The Israeli raids targeted "five terror targets in a military compound belonging to the naval force of the terror group Hamas in the northern Gaza Strip," the Israel Defense Forces said.
The air force on Saturday night had carried out 10 airstrikes on Hamas targets in response to earlier rocket fire.
Responding to four attacks on southern Israel in the predawn hours of Sunday, the Iron Dome missile defense system intercepted three projectiles, with another apparently landing in Israeli territory, the army said.
Thousands of Israelis were sent rushing to bomb shelters throughout the night as sirens were repeatedly triggered to warn of incoming fire.
The army said it held Hamas, which rules the Strip, responsible for the rocket attacks.
The first projectile was launched shortly after 12:30 a.m., setting off sirens in the southern town of Sderot and surrounding Sha'ar Hanegev region.
The second was fired less than an hour later, triggering alarms in the Eshkol region, the army said.
At 2:45 a.m., sirens sounded in the Sha'ar Hanegev and Hof Ashkelon regions in southern Israel as another projectile was lobbed at southern Israel.
All three were shot down by Iron Dome, the army said. It was not immediately clear if the projectiles were rockets or mortar shells.
At 3:20 a.m., sirens again went off in the Shaar Hanegev and Sdot Negev regions, with the army confirming another "launch from the Gaza Strip to Israeli territory," and identifying the projectile as a rocket.
According to the Walla website, it exploded in an open area.
There were also several rocket attacks earlier on Saturday evening.
The renewed rocket fire followed significant clashes on the Gaza border on Friday and a massive flareup last week, in which Palestinian terror groups launched over 100 rockets and mortar shells into southern Israel and the military responded by striking more than 65 Hamas and Palestinian Islamic Jihad sites in the Strip.
In response to the rocket attack on Saturday evening, the IDF launched its first strikes on targets throughout the Gaza Strip just before midnight.
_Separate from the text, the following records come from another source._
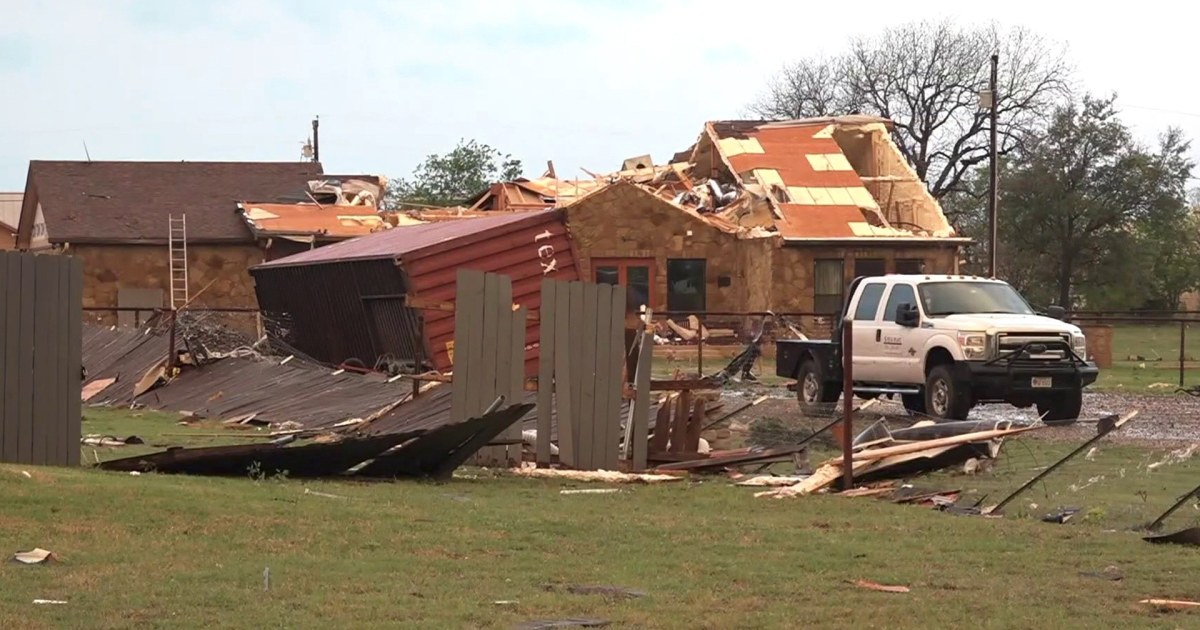 Texas tornado leaves path of destruction, 12 people hospitalized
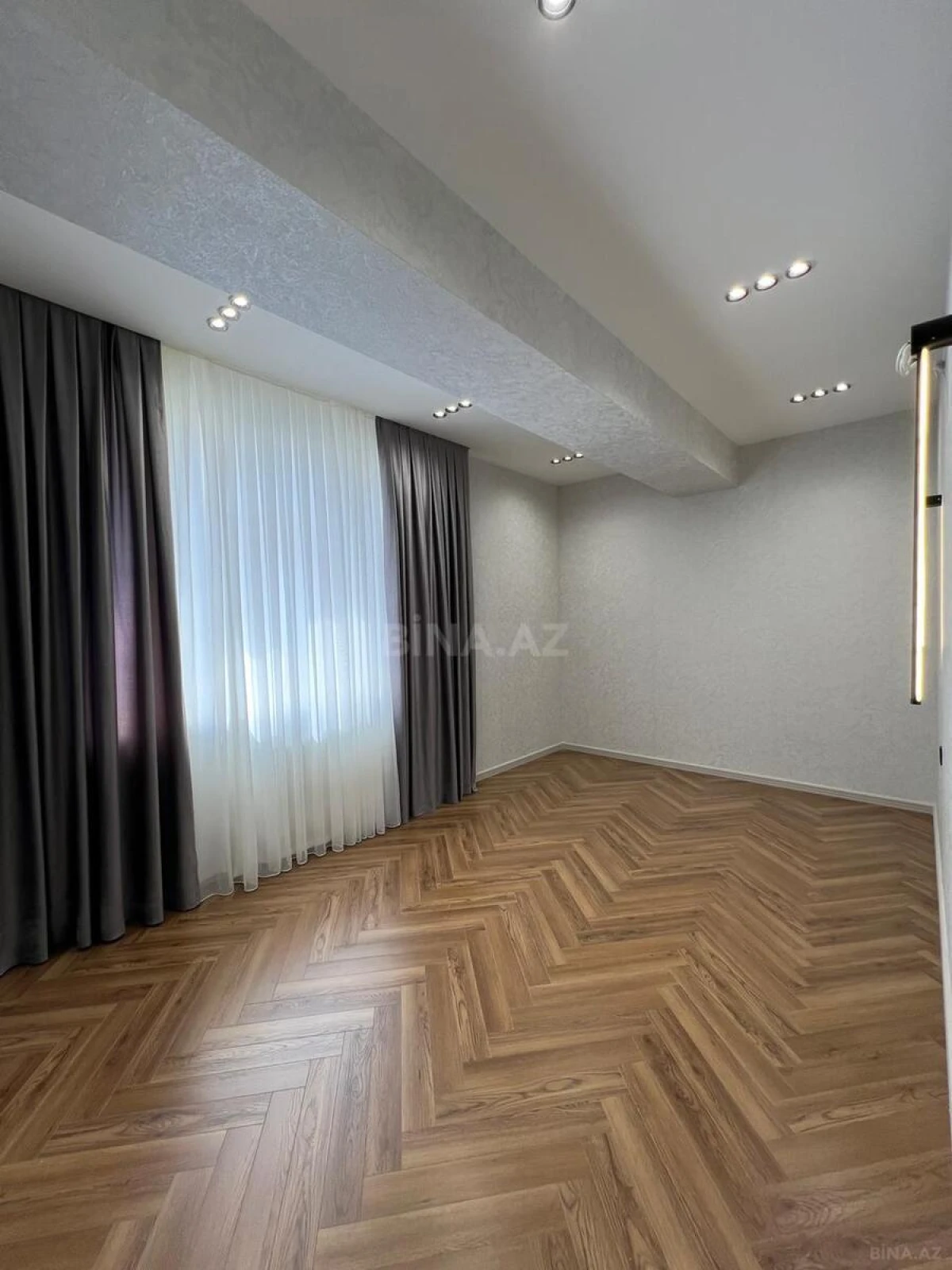 Satılır 3 otaqlı mənzil 105 m²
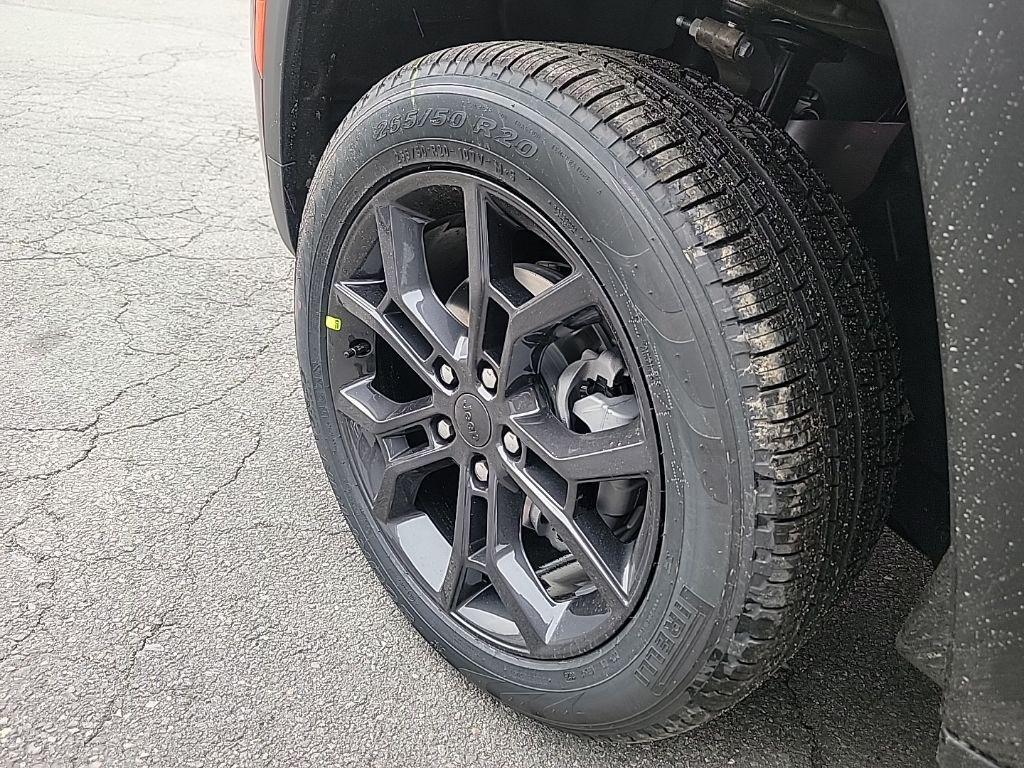 new 2025 Jeep Grand Cherokee car, priced at $47,486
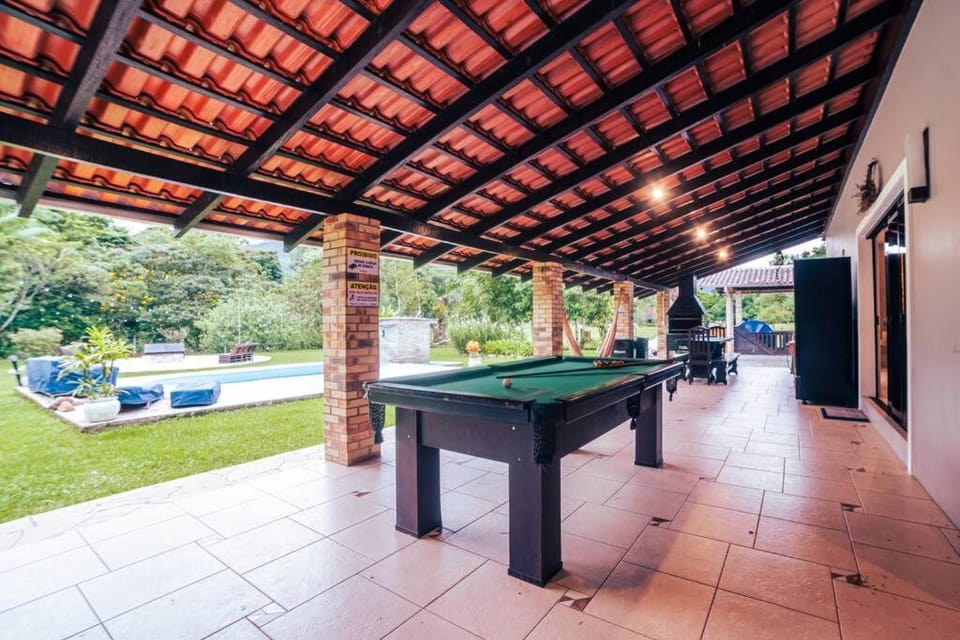 Recanto Vultuoso- Casa de campo - Area Gourmet Completa- Piscina aquecida-Quadra de areia-Cancha de Bocha-Hospedagem e eventos-para eventos cobramos taxa extra por pessoa House in Joinville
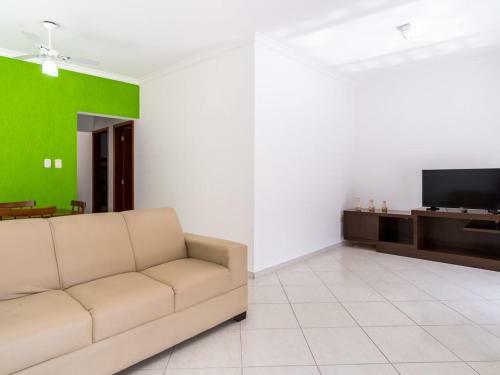 Casa Ampla E Arejada, Com Piscina E Churrasqueira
"The IDF, using fighter jets, attacked 10 terror targets in three compounds belonging to the Hamas terror group in the Gaza Strip. Among the targets that were attacked were two sites used to manufacture and store weapons and a military compound," the army said.
According to the Hamas-affiliated Shehab news agency, the planes struck sites in Gaza City's Shejaiya neighborhood, in the Nuseirat refugee camp and outside the city of Khan Younis.
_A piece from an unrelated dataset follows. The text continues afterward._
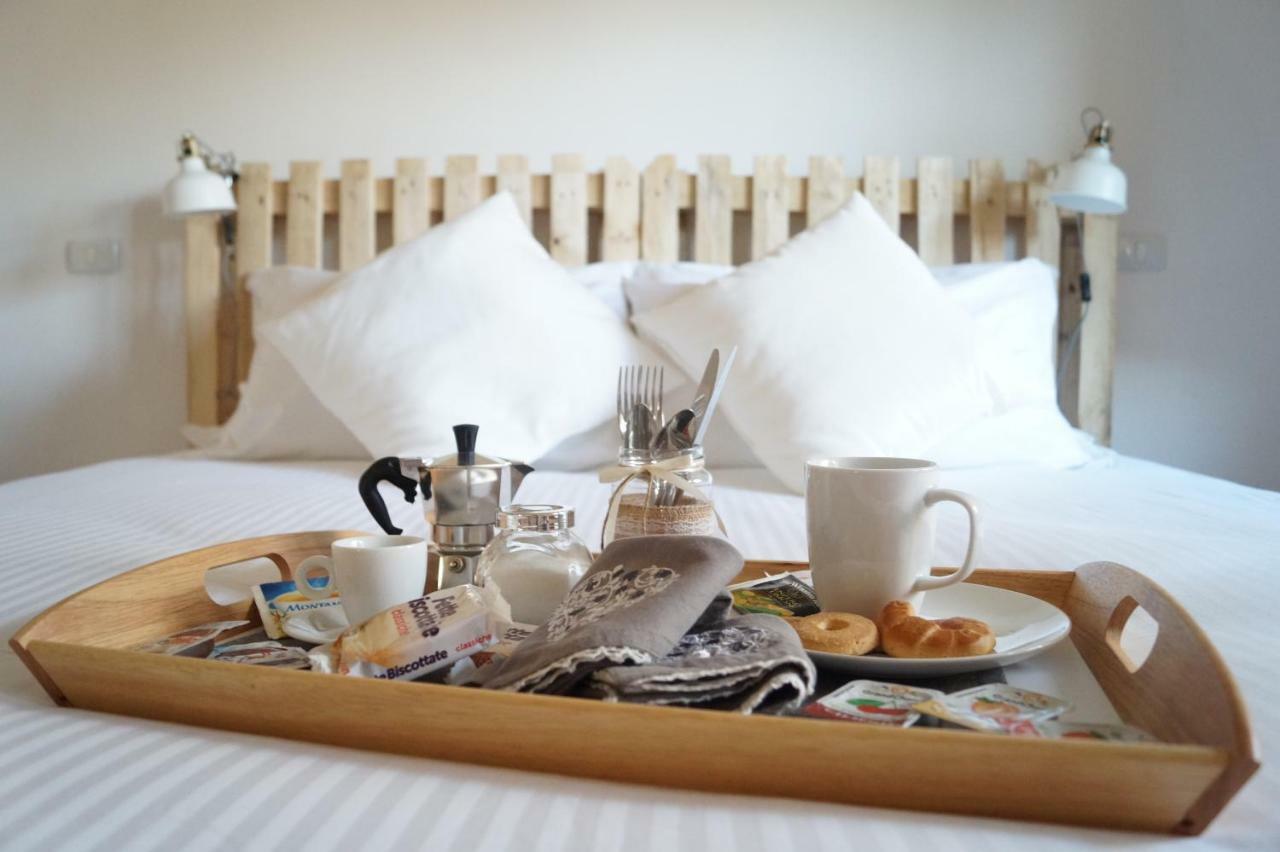 Bed and Breakfast Bonjour Bonheur Авеллино Экстерьер фото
The Palestinian Quds news site also reported Israeli strikes outside the city of Rafah.
There were no immediate reports of casualties.
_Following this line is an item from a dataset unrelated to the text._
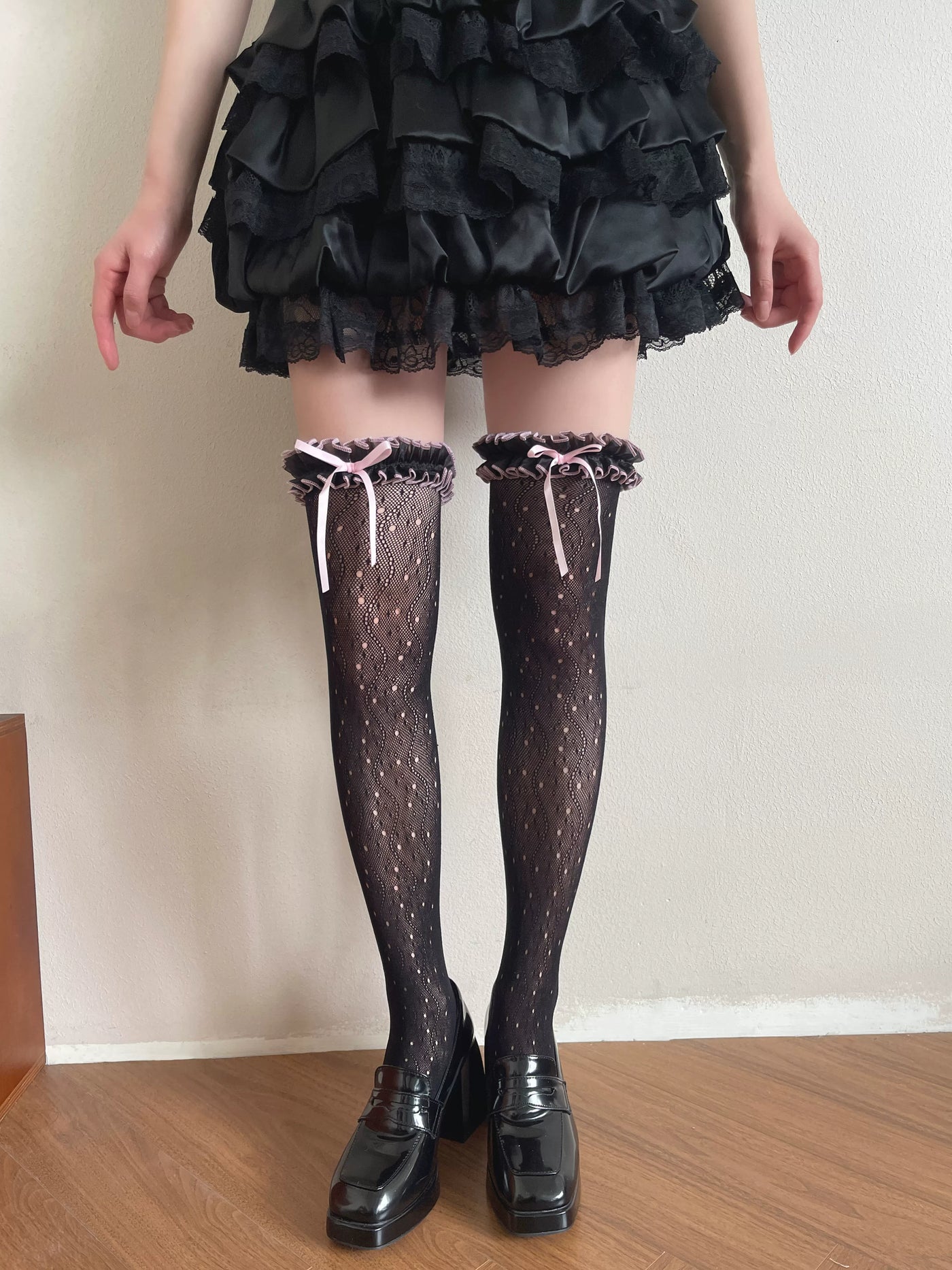 Sock Noble - Lace Mesh Ruffle - Over-the-knee socks with ruffled ribbon cuffs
A video posted on social media reportedly showed the bombing in Shejaiya, which sent a large fireball into the sky.
The rocket launches appeared to be the first violation of a fragile ceasefire in effect since Wednesday morning, but came after a weekend of intense violence along the Gaza border.
On the Palestinian side of the border, thousands attended a funeral for a young female volunteer medic who Palestinians say was shot and killed by the IDF while she was tending to the injured during violent protests on the Gaza border.
The border tensions comes following a week that saw the worst escalation of violence between Israel and Hamas since the 2014 war in Gaza. Palestinian terror groups on Wednesday and Thursday fired more than 100 rockets and mortars at towns and cities in southern Israel, and the IDF responded with dozens of airstrikes on Hamas military targets. After almost 24 hours of fire, a tacit understanding and unofficial ceasefire began, though both sides have described it as fragile.
Also Saturday night, firefighters were working to put out three large fires in Israel along the Gaza Strip border, believed to have been started by incendiary kites flown from the coastal enclave on Saturday.
The largest fire was near Kibbutz Carmia, adjacent to the northern Gaza Strip. Preliminary estimates suggested that between 2,000 and 3,000 dunams (500 to 740 acres) of fields and parts of a nature reserve adjacent to the kibbutz were destroyed.